## What you need to do
Take the line that contains "おしゃれで使い勝手のいい「脚立」踏み台や腰掛け、インテリアにも◎" and every line below it to the end of the entries, and give them again exactly, leaving out any pictures.

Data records

* * *

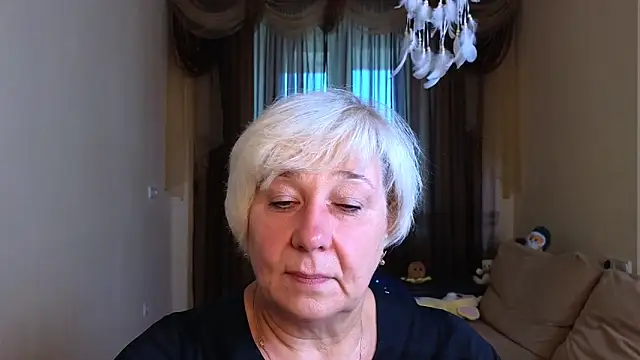 Snapshot of Milana_Milky chatting on October 3, 5:15 am Milana Milky online show from October 3, 5:15 am
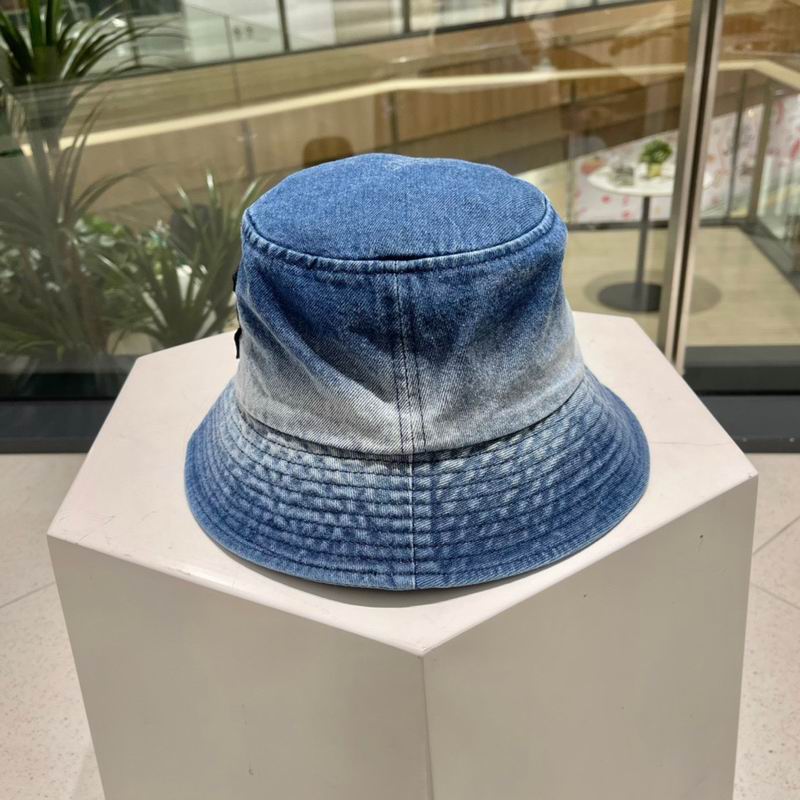 LV Hat (806)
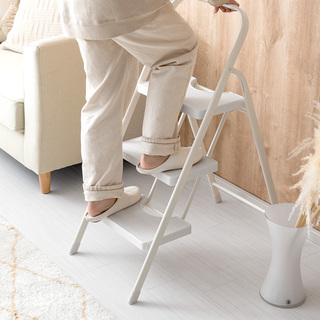 おしゃれで使い勝手のいい「脚立」踏み台や腰掛け、インテリアにも◎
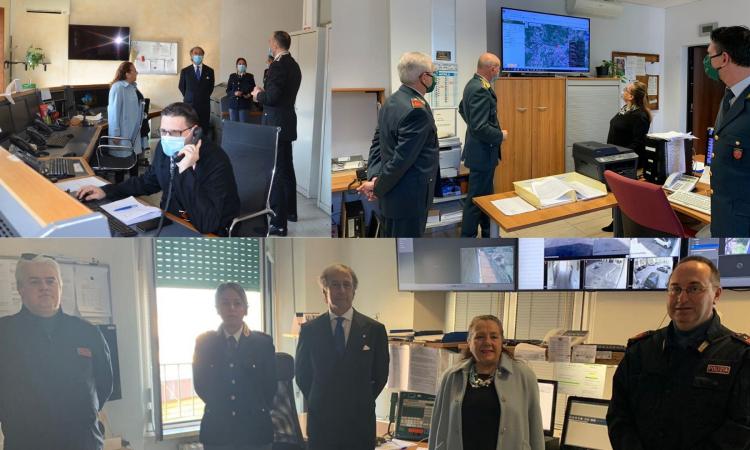 Macerata, il Prefetto Rolli fa visita alle Forze di Polizia nel giorno di Pasqua: "A loro va il mio grazie" Macerata, il Prefetto Rolli fa visita alle Forze di Polizia nel giorno di Pasqua: "A loro va il mio grazie"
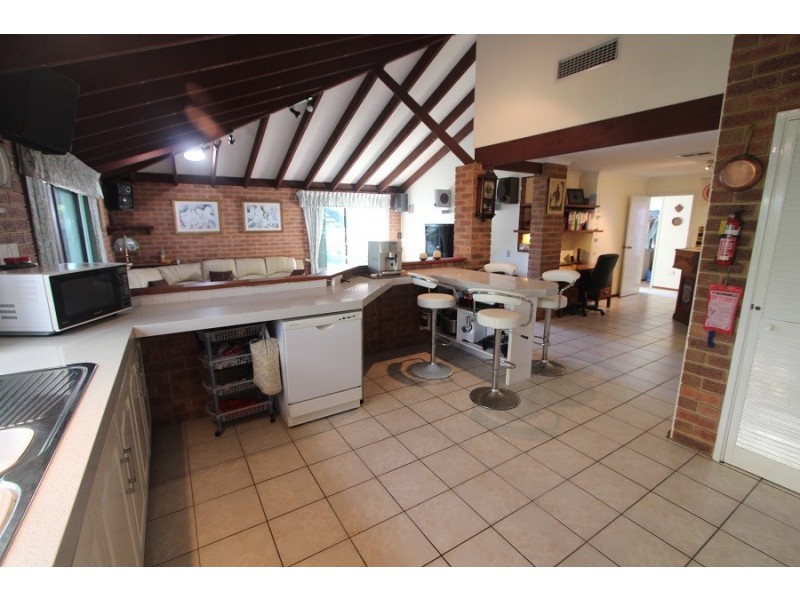 6 Oakapple Drive, Duncraig WA 6023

* * *

## Reply
 おしゃれで使い勝手のいい「脚立」踏み台や腰掛け、インテリアにも◎
 Macerata, il Prefetto Rolli fa visita alle Forze di Polizia nel giorno di Pasqua: "A loro va il mio grazie" Macerata, il Prefetto Rolli fa visita alle Forze di Polizia nel giorno di Pasqua: "A loro va il mio grazie"
 6 Oakapple Drive, Duncraig WA 6023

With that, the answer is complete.